> [Exercise data]
+-------+
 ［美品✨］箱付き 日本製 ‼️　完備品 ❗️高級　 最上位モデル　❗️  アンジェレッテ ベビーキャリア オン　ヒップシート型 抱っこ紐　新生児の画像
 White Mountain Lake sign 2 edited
+-------+
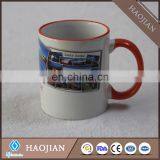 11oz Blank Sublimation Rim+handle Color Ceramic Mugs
+-------+
> [Task item]
With the first line being the one containing "ベビーキャリア オン　ヒップシート型 抱っこ紐　新生児の画像" and the last line the one containing "White Mountain Lake sign 2 edited", transcribe exactly the lines above that fall in that range.

> [Your response]
 ［美品✨］箱付き 日本製 ‼️　完備品 ❗️高級　 最上位モデル　❗️  アンジェレッテ ベビーキャリア オン　ヒップシート型 抱っこ紐　新生児の画像
 White Mountain Lake sign 2 edited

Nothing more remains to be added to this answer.